• _Requirement_
Restate each line below word for word, skipping every picture.

• _Provided records_

++++++++++

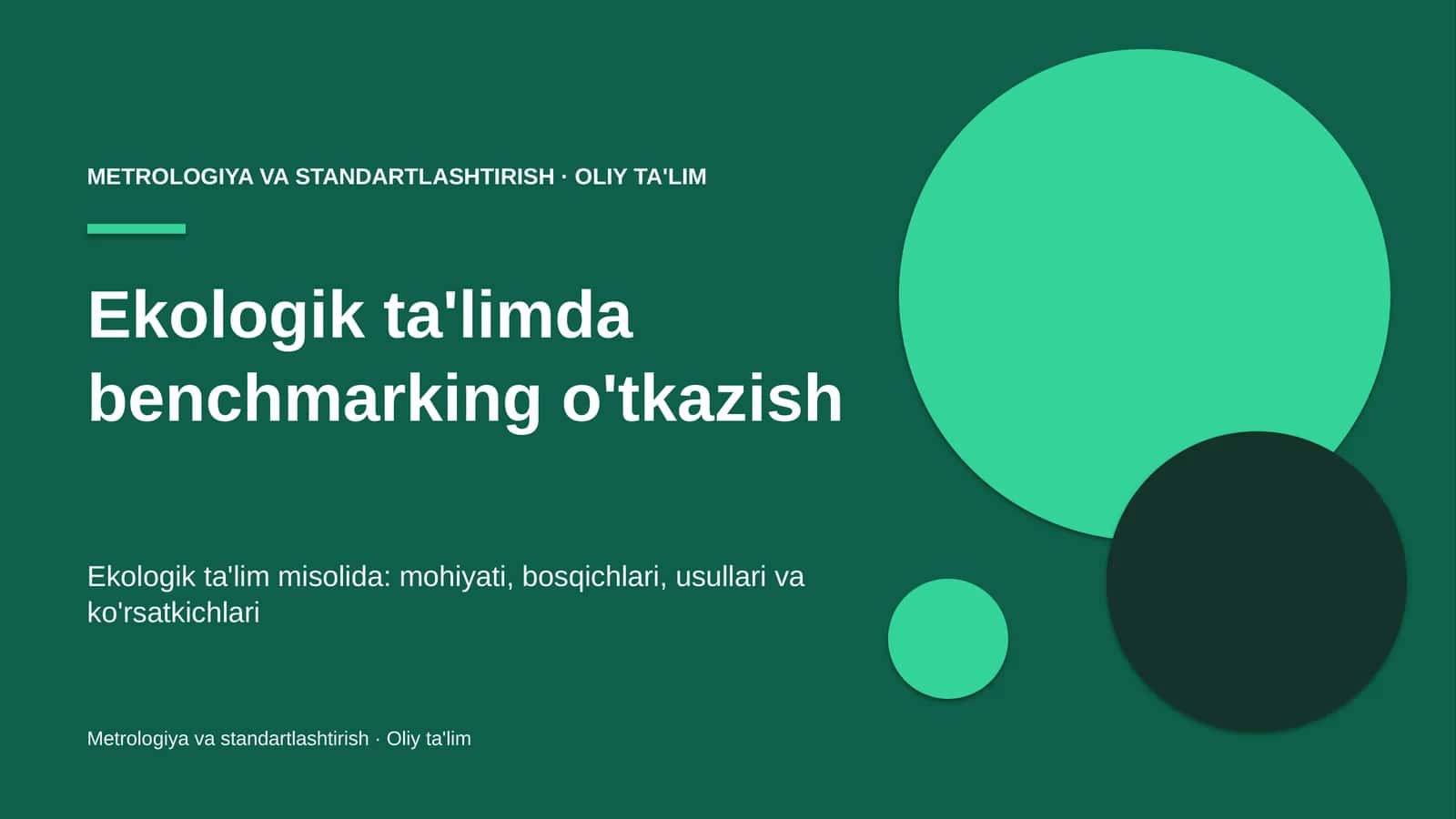 ekologik ta'limda benchmarking o'tkazish 6347 1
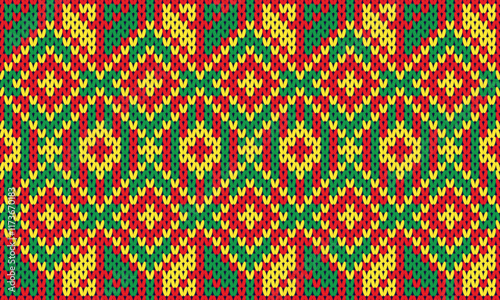 Seamless printable knitting patterns, wallpapers, ultra-high resolution raster illustrations, print-on-demand patterns.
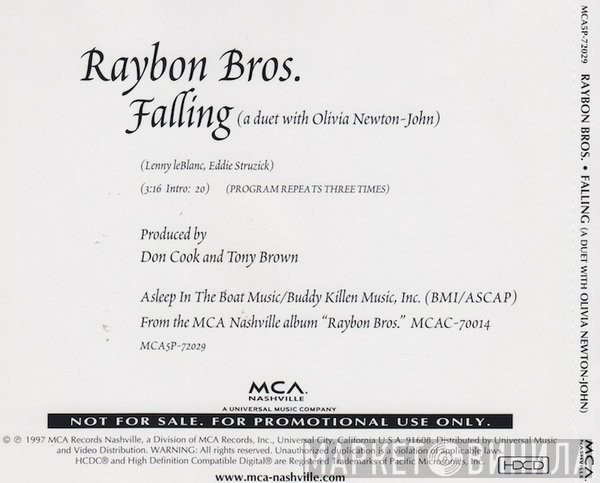 Raybon Brothers With Olivia Newton-John  - Falling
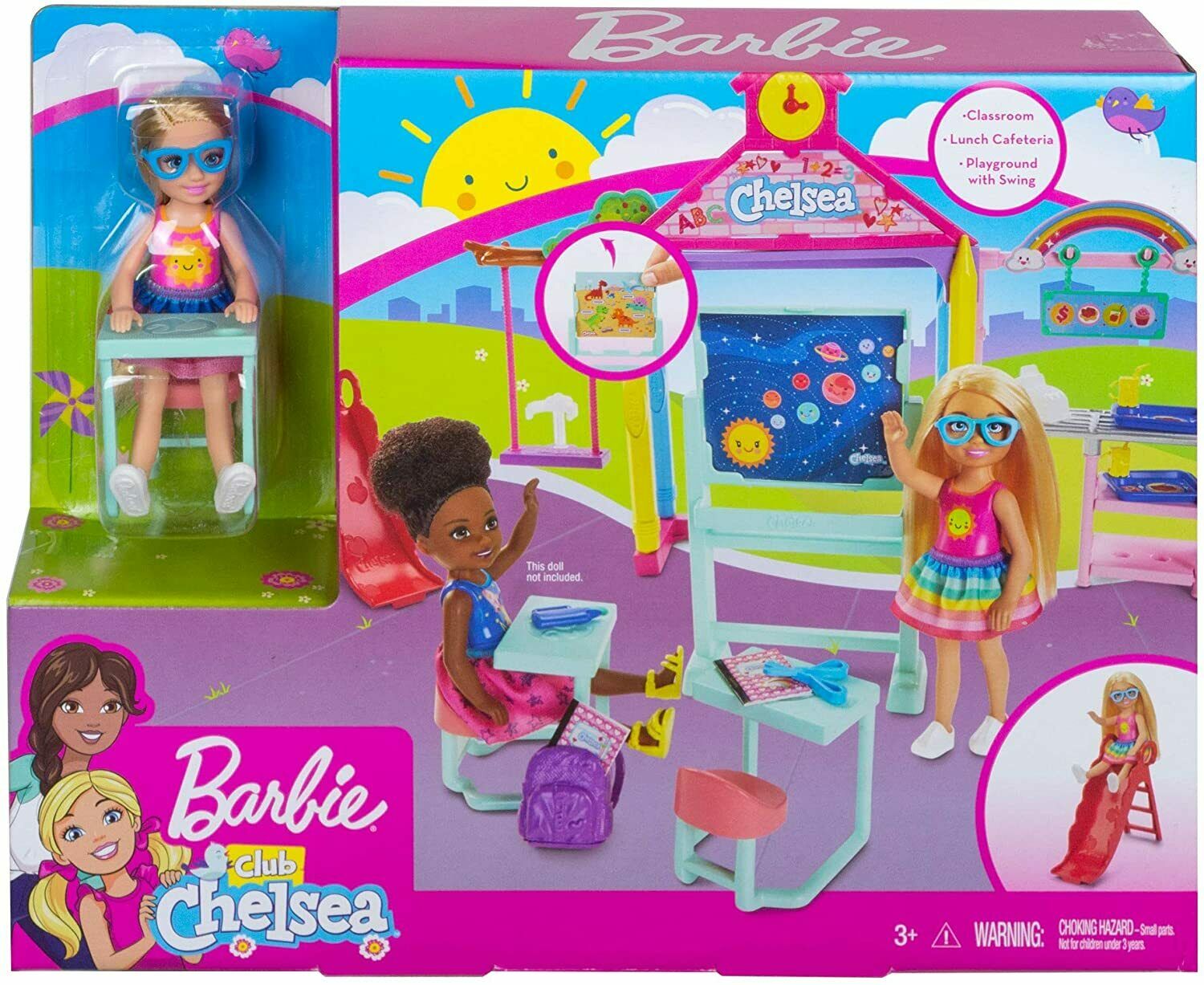 Barbie Club Chelsea Doll and School Playset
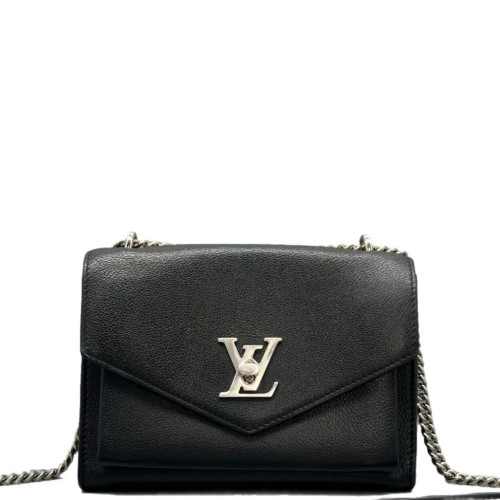 Louis Vuitton Mylockme Chain Bag BB Calfskin Black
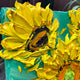 Original art for sale at UGallery.com | A Little Van Gogh by Lisa Elley | $425 | oil painting | 8' h x 8' w | thumbnail 4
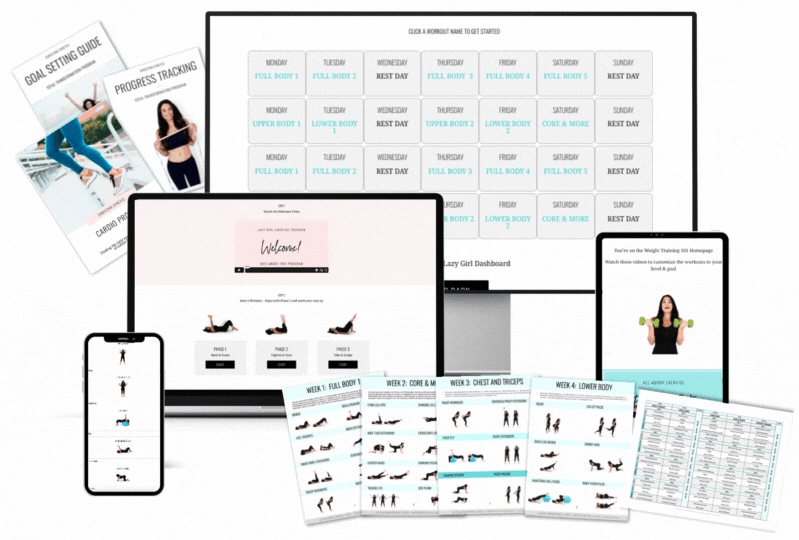 Lazy girl program workouts and schedules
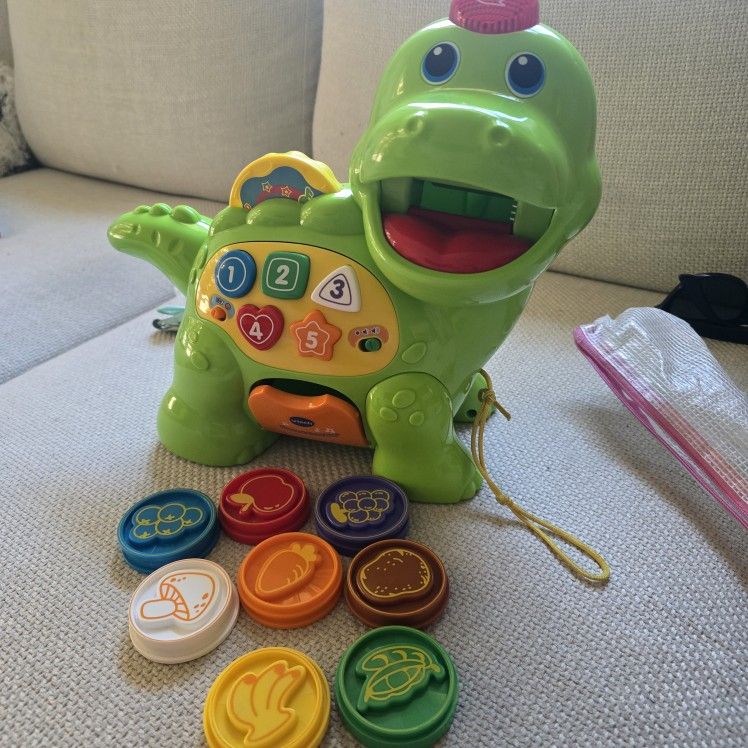 VTech Chomp & Count Dino with Accessories, Baby and Toddler Toys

++++++++++

• _Solution_
 ekologik ta'limda benchmarking o'tkazish 6347 1
 Seamless printable knitting patterns, wallpapers, ultra-high resolution raster illustrations, print-on-demand patterns.
 Raybon Brothers With Olivia Newton-John  - Falling
 Barbie Club Chelsea Doll and School Playset
 Louis Vuitton Mylockme Chain Bag BB Calfskin Black
 Original art for sale at UGallery.com | A Little Van Gogh by Lisa Elley | $425 | oil painting | 8' h x 8' w | thumbnail 4
 Lazy girl program workouts and schedules
 VTech Chomp & Count Dino with Accessories, Baby and Toddler Toys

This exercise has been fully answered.